UPDATE: Cost benchmarks are on Piazza

These times are merely a benchmark for you to shoot for. We'll more carefully consider grading assignments as we see all the student submissions and times in autolab, but we don't expect your solution to be much slower than this.

60% of your grade will be based on your performance and timings while 40% of your grade will be based on your writeup. We really care about your thought process on parallelizing the algorithm and your analysis on the result. Do NOT make the mistake of focusing solely on the parallelization and ignoring the writeup. Even if you reach the benchmark, you won't end up with a good score if you can't explain why your final solution is good and how you got there.

If you're struggling to reach the benchmark, it's in your best interest to spend time creating a quality writeup.

Yes, we will be checking for style. We'll be relatively lenient, but you will be docked if your style is particularly bad. If you write all of your code in the main function, you will lose points.

We will also check that your job outputs print out max cost and aggregate cost values of the resulting cost arrays. We will check that the values aren't unreasonably high, you want this as low as possible.

Hand In

This is important, read this carefully

Electronic submission through Autolab: Your submission should be a .tar file (named as andrewid1_andrewid2.tar.gz, that has a single directory (named as andrewid1_andrewid2) consisting of the following files and directories:

Your entire code directory. Please run make clean before tarring and submitting. If we copy the code directory you submit to our machine, it should still compile and run without a hiccup.
In the file_outputs_submit directory within the code directory, put in your resulting output and costs files for the benchmark tests in the Grading section. There should be 18 files submitted here, 2 per benchmark/thread count combination. These must pass the validation script.
In the job_outputs_submit directory within the code directory, put in your resulting job outputs for the benchmark tests. There should be 9 files submitted here, 1 per benchmark/thread count combination. The starter code by default prints computation and total times. You also need to add print statements that give us your max cost and aggregate cost of your resulting cost array.
Read the previous bullet again, I suspect a lot of people are going to miss this detail.
writeup.pdf, your writeup in .pdf format. Your writeup should include the items listed in the Performance Analysis section.

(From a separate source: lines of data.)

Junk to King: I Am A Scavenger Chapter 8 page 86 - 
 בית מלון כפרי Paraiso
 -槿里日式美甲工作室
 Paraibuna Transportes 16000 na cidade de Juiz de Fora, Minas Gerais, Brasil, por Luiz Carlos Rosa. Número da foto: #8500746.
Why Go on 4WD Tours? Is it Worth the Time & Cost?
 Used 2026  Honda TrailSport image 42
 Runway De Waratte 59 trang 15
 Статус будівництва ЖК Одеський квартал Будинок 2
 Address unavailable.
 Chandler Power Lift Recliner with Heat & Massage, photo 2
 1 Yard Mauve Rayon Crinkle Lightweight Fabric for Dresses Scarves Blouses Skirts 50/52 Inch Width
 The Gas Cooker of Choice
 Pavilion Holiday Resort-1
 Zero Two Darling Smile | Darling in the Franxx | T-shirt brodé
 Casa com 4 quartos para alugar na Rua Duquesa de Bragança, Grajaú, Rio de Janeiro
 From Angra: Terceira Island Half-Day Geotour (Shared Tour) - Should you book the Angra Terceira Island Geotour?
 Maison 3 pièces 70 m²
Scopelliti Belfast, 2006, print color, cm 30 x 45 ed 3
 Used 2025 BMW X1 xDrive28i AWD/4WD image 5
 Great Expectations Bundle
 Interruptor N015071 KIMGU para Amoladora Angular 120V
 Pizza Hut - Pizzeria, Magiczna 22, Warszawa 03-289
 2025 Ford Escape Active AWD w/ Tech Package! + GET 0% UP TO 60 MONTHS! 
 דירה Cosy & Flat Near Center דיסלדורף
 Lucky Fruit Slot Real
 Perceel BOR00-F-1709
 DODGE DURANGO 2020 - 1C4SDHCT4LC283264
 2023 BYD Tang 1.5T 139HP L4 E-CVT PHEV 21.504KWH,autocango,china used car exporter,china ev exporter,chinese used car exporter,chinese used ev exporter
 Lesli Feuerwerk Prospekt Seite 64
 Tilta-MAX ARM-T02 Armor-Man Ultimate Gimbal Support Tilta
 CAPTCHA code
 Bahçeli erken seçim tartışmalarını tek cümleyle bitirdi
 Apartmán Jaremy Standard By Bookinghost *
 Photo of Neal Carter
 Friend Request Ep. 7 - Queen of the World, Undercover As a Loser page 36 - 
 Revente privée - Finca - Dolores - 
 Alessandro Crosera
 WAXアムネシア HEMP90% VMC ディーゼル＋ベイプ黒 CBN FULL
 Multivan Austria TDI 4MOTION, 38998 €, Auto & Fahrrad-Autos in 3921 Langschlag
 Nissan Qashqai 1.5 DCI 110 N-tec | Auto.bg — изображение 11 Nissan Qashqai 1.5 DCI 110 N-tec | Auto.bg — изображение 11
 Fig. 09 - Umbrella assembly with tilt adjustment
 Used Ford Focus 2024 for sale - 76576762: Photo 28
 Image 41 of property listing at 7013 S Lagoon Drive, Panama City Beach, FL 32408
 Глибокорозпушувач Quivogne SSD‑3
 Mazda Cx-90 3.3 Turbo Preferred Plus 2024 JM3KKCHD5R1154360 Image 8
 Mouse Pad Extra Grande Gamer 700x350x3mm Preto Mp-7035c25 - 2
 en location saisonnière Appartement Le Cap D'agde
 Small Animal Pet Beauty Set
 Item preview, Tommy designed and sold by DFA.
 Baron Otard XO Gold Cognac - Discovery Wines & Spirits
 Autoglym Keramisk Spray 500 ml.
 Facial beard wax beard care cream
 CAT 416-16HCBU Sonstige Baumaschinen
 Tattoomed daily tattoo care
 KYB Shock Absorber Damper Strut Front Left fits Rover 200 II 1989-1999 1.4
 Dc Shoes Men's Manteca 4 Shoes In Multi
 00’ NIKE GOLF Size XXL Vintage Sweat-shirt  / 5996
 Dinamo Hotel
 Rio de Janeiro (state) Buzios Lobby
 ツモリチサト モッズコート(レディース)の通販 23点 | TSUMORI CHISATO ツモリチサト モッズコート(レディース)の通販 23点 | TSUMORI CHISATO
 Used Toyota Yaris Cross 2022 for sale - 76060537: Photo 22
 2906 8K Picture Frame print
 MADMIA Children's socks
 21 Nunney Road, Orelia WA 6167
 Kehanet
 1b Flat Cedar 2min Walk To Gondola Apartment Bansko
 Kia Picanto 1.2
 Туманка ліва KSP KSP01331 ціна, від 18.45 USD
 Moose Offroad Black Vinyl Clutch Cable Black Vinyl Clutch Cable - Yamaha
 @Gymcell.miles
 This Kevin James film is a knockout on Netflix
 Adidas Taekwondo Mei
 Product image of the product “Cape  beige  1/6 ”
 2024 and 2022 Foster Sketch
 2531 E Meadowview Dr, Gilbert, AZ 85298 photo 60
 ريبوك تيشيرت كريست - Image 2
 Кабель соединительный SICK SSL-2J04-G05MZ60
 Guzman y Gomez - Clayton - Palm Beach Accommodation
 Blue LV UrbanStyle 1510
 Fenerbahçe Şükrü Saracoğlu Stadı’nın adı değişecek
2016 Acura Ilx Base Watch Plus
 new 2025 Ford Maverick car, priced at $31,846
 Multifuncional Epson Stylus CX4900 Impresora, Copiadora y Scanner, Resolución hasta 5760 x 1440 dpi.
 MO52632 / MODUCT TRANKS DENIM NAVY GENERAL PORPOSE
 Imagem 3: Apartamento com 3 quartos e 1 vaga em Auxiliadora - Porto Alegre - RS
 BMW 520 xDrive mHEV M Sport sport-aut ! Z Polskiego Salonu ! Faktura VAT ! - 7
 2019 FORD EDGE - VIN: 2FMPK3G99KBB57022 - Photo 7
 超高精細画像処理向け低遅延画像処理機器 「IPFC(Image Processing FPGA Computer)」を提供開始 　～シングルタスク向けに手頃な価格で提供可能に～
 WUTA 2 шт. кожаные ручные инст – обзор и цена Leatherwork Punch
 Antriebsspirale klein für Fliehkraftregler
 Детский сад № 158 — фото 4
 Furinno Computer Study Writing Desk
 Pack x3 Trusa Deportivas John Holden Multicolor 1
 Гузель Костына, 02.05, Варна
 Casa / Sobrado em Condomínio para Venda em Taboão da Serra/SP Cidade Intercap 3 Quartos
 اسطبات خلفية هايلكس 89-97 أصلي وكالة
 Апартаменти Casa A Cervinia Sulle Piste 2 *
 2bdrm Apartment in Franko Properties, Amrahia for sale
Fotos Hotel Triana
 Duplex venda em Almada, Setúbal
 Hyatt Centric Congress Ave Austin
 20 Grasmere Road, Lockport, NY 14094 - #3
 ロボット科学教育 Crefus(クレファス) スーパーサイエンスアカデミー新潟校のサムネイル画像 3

To create this tar file, run this command:

 > tar czf andrewid1_andrewid2.tar.gz andrewid1_andrewid2

Pieces of Advice

This assignment can be quite time consuming, so try to start as early as you can. Even if you can learn how to run on the Xeon Phi, that's still one less thing to worry about later. Try to get the sequential version of the algorithm working correctly with the validate scripts as soon as you possibly can.
The README files in the starter code are just as important as this writeup. Make sure you read those really carefully.
Modular code is VERY important, because you'll be implementing this same algorithm with message-passing in Assignment 4. You will be thankful a few weeks from now if your code is reusable with plenty of helper functions. Do NOT do all of your code in the main function.
Try thinking about which part of the algorithm you'd want to parallelize. List your options. What are the tradeoffs with each choice? Which version can improve the most from parallelizing across threads?
If you know how to use Git, use it. It can be very helpful when experimenting with different parallelization methods. Once you finish the sequential version, make a commit and try different parallelization methods in different branches that stem from that sequential commit.

Updates

10/7/17: One student pointed out a weird quirk with sending the wire_t struct to be offloaded to the Phi. He encountered an error that said his wires weren't bitwise copyable. It turns out that he created a constructor for his struct which was generating an error. To avoid this error, create your wire_t struct as if it were in C. Don't initialize it with a constructor, but instead allocate it and set the values manually.